Prompt Engineering Techniques

Overview

Prompt engineering is the process of designing and creating prompts that elicit desired responses from LLMs. Prompts can be categorized into different types based on their structure, function, and complexity.

Each prompt consists of a natural language query that is designed to elicit a specific response from the pretrained LLM. The prompts are categorized into 7 types, as illustrated in Figure 2 (all prompts have been included in Multimedia Appendix 1). Prefix prompts are the simplest type of prompts, which prepend a word or phrase indicating the type or format or tone of response for control and relevance. Cloze prompts are based on the idea of fill in the blank exercises, which create a masked token in the input text and ask the LLM to predict the missing word or phrase [3]. Anticipatory prompts are the prompts anticipating the next question or command based on experience or knowledge, guiding the conversation. Chain of thought prompting involves a series of intermediate natural language reasoning steps that lead to the final output [15].

In addition to the existing types of prompts, 2 new novel prompts were also designed: heuristic prompts and ensemble prompts, which will be discussed in the following sections.

Figure 2. Types of prompts: examples of 7 types of prompts that we used to query the pretrained language model for different clinical information extraction tasks. [X]: context; [Y]: abbreviation; [Z]: expanded form.
Heuristic Prompts

Heuristic prompts are rule-based prompts that decompose complex queries into smaller, more manageable components for comprehensive answers. Adopting the principles of traditional rule-based NLP, which relies on manually crafted, rule-based algorithms for specific clinical NLP applications, we have integrated these concepts into our heuristic prompts approach. These prompts use a set of predefined rules to guide the LLM in expanding abbreviations within a given context. For instance, a heuristic prompt might use the rule that an abbreviation is typically capitalized, followed by a period, and preceded by an article or a noun. This approach contrasts with chain of thought prompts, which focus on elucidating the reasoning or logic behind an output. Instead, heuristic prompts leverage a series of predefined rules to direct the LLM in executing a specific task.

Mathematically, we can express a heuristic prompt as H(x), a function applied to an input sequence x. This function is defined as a series of rule-based transformations Ti, where i indicates the specific rule applied. The output of this function, denoted as yH, is then:

yH=H(x)=Tn(T{n–1}(... T1(x)))

Here, each transformation Ti applies a specific heuristic rule to modify the input sequence, making it more suitable for processing by LLMs.

From an algorithmic standpoint, heuristic prompts are implemented by defining a set of rules R={R1, R2, ..., Rm}. Each rule Rj is a function that applies a specific heuristic criterion to an input token or sequence of tokens. Algorithmically, the heuristic prompting process can be summarized as follows:

By merging the precision and specificity of traditional rule-based NLP methods with the advanced capabilities of LLMs, the heuristic prompts offer a robust and accurate system for clinical information processing and analysis.

Ensemble Prompts

Ensemble prompts are prompts that combine multiple prompts using majority voting for aggregated outputs. They use various types of prompts to generate multiple responses to the same input, subsequently selecting the most commonly occurring output as the final answer. For instance, an ensemble prompt might use 3 different prefix prompts, or a combination of other prompt types, to produce 3 potential expansions for an abbreviation. The most frequently appearing expansion is then chosen. For the sake of simplicity, we amalgamated the outputs from all 5 different prompt types using a majority voting approach.

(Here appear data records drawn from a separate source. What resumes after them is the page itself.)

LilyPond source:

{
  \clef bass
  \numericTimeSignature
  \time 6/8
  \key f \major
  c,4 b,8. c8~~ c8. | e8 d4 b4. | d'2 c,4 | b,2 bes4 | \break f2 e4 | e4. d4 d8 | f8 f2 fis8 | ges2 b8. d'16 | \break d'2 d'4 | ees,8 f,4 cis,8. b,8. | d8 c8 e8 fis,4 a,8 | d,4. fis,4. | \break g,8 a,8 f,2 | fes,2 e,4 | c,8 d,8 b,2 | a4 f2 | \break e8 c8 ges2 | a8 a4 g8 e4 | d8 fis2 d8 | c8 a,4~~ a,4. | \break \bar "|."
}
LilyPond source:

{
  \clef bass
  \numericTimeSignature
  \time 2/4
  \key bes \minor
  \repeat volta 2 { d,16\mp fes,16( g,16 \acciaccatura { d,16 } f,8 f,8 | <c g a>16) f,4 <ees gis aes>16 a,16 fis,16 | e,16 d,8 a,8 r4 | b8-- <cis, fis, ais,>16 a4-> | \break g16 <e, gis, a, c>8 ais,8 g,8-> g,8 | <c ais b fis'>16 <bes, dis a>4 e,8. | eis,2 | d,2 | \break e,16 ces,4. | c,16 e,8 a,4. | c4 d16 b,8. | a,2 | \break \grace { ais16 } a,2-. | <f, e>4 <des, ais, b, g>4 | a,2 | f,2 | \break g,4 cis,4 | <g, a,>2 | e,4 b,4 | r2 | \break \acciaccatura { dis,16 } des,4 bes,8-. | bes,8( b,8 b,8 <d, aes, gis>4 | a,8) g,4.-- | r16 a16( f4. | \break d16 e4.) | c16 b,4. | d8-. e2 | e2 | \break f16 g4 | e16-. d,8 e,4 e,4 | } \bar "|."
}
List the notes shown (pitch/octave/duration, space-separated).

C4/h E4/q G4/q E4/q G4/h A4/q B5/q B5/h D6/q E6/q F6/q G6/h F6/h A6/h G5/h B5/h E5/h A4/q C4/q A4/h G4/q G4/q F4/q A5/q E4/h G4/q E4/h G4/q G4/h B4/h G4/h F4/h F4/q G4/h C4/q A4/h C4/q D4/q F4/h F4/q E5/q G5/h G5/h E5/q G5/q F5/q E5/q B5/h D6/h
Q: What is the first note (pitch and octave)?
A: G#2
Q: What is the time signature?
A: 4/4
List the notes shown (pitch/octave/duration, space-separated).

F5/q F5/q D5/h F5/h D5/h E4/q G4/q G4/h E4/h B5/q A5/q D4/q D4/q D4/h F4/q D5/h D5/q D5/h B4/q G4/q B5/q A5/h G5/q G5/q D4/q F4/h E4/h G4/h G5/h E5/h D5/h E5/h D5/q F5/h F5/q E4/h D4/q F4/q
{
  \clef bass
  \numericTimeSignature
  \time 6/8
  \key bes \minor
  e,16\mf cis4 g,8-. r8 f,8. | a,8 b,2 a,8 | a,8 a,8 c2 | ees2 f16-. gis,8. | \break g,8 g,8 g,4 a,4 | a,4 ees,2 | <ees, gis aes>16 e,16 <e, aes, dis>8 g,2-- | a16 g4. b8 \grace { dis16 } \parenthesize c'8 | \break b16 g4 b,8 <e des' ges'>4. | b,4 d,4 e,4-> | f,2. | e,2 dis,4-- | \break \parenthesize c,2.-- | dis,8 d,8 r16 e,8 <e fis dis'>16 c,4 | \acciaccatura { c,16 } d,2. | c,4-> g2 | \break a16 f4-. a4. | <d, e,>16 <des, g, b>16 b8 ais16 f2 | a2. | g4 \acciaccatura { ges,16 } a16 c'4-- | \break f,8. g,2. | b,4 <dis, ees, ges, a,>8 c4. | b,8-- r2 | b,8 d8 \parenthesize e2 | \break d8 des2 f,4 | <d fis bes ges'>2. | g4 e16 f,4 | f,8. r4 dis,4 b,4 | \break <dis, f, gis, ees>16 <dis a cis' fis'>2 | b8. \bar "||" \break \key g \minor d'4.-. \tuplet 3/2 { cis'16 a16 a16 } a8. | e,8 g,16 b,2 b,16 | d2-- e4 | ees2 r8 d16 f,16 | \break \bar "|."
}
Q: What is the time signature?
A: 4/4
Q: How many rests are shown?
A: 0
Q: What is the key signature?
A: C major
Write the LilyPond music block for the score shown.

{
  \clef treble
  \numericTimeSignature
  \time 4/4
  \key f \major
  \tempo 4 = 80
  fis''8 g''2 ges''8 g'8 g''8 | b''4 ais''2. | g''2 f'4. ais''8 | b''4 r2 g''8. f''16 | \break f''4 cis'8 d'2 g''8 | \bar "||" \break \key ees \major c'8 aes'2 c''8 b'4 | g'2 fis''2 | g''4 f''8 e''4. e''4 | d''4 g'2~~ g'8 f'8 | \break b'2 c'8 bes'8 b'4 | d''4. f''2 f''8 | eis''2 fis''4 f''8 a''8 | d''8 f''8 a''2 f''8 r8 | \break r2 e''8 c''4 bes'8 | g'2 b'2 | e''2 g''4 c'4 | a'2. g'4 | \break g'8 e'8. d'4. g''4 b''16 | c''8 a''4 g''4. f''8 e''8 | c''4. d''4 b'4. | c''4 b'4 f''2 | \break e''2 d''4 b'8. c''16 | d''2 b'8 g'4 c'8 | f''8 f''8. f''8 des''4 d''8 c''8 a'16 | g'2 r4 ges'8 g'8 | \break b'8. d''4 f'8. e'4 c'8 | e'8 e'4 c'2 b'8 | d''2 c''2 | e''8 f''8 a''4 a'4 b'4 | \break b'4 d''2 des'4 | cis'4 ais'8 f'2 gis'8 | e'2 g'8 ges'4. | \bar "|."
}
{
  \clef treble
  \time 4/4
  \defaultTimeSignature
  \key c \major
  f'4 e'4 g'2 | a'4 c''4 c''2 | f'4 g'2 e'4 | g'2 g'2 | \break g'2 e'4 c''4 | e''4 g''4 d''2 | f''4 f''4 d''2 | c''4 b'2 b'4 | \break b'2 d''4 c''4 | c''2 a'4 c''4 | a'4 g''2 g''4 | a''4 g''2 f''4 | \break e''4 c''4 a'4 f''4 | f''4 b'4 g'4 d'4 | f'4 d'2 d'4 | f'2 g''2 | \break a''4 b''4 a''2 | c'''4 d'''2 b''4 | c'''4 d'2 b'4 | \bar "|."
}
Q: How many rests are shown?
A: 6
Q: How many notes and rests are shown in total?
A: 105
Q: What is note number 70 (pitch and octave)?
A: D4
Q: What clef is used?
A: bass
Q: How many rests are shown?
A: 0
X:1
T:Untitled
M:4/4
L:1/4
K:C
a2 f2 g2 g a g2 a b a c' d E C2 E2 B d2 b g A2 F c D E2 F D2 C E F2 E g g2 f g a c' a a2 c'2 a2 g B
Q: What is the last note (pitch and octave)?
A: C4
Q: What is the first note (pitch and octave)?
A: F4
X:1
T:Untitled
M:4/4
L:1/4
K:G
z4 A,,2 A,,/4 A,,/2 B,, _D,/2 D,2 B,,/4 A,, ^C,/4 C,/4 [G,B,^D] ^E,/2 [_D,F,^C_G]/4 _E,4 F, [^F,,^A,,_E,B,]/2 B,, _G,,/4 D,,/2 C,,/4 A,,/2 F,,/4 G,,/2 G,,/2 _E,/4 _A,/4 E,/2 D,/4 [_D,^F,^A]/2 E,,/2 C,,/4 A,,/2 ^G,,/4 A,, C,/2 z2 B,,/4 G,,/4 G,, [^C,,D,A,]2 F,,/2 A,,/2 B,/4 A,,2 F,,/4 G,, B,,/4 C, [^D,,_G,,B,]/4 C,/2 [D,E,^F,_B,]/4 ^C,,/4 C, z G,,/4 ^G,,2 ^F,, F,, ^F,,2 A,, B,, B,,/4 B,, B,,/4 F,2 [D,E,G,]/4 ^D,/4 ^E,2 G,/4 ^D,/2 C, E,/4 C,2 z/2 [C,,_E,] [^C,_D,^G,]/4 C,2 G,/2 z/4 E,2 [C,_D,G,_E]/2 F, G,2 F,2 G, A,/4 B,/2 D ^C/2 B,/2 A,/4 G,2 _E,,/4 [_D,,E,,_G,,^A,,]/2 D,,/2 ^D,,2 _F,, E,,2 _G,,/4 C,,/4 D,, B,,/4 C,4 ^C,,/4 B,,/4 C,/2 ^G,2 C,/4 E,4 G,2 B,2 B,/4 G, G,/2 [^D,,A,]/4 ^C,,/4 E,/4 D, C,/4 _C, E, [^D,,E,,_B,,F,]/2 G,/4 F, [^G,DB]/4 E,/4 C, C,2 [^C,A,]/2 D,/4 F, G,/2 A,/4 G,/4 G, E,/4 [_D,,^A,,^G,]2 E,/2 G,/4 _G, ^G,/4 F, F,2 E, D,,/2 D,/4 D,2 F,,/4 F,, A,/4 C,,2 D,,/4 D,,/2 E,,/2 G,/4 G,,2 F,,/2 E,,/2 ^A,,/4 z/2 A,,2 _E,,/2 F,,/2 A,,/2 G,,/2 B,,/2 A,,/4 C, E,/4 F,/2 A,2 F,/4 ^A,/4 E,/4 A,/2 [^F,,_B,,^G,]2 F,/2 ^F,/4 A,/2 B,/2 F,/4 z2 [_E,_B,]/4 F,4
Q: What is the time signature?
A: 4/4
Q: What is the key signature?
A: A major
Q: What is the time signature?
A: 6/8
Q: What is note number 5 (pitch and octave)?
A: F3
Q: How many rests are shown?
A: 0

Mathematically, consider a set of m different prompting methods P1, P2, ..., Pm applied to the same input x. Each method generates an output yi for i=1,2, ..., m. The ensemble prompt’s output yE is then the mode of these outputs:

yE=mode (y1, y2, ..., ym)

Algorithmically, the ensemble prompting process is as follows:

The rationale behind an ensemble prompt is that by integrating multiple types of prompts, we can use the strengths and counterbalance the weaknesses of each individual prompt, offering a robust and potentially more accurate response. Some prompts may be more effective for specific tasks or models, while others might be more resilient to noise or ambiguity. Majority voting allows us to choose the most likely correct or coherent output from the variety generated by different prompt types.


Overview

In this section, we present the results of our experiments on prompt engineering for zero-shot clinical IE. Various prompt types were evaluated across 5 clinical NLP tasks, aiming to understand how different prompts influence the accuracy of different LLMs. Zero-shot and few-shot prompting strategies were also compared, exploring how the addition of context affects the model performance. Furthermore, we tested an ensemble approach that combines the outputs of different prompt types using majority voting. Finally, the impact of different LLMs on task performance was analyzed, and some interesting patterns were observed. Table 3 illustrates that different prompt types have different levels of effectiveness for different tasks and LLMs. We can also observe some general trends across the tasks and models.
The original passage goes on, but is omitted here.